I probably shouldn’t diss it, it’s just that I’ve seen this story so very many times.
I’m with Evan. This is a common problem in most nontext media, that the story is the weakest link. I’ve read a large number of short scripts and one acts (and seen a large number of results) from local directors, artists, animators, etc., usually more interested in me as an actor than as someone who can possibly help with the script.
Most are capable of writing a coherent-to-mediocre story (with coherent-to-mediocre dialogue, characterization, etc), and they’ll go ahead and do that rather either improve their storytelling ability or work with a writer, because their focus is elsewhere (cinematography, image quality, innovation, etc). And they’re vindicated whenever a standout director of derivative yet passable stories excels because of her or his overwhelming quality in other areas.
But I always think of pre-Toy Story Pixar, sold to Steve Jobs because George Lucas needed to free up some assets in his 50-50 California divorce.
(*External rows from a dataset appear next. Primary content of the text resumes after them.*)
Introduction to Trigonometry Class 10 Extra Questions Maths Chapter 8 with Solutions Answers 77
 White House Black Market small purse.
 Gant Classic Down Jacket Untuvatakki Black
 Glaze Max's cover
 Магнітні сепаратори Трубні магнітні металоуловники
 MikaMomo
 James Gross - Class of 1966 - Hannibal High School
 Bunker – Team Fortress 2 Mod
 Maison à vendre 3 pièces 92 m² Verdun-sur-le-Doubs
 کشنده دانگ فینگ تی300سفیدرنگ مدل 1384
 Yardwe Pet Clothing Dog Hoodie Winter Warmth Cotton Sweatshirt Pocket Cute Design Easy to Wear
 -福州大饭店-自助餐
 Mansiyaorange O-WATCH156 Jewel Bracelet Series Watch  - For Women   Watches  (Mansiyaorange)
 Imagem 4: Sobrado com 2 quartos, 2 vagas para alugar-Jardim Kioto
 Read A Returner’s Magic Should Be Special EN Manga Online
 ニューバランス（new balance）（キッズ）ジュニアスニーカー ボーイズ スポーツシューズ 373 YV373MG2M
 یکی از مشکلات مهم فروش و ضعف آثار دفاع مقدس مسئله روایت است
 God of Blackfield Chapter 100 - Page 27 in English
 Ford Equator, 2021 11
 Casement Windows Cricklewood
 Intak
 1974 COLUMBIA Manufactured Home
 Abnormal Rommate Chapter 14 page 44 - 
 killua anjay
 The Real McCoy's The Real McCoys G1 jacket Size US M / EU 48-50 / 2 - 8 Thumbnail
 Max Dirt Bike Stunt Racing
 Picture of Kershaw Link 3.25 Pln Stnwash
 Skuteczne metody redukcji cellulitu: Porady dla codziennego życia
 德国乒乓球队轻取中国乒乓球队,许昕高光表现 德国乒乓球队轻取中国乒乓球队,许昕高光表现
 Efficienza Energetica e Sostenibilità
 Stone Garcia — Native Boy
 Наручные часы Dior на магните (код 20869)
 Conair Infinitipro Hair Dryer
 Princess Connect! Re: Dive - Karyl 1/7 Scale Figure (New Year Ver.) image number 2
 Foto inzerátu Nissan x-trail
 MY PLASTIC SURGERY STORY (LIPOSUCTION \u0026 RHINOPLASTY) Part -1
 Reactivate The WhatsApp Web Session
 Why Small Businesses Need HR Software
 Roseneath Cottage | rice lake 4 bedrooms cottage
The splash Lasseter & company made with their short films at computer animation conferences wasn’t because they were technically interesting among hundreds of other technically interesting animations. Mostly it was because they focused on telling stories instead of technical dazzlement, and they excelled (and continue to excel) at it.
Alex.
Oh, Pixar is an excellent example. Their stories and their characters are so complete especially compared to the competition.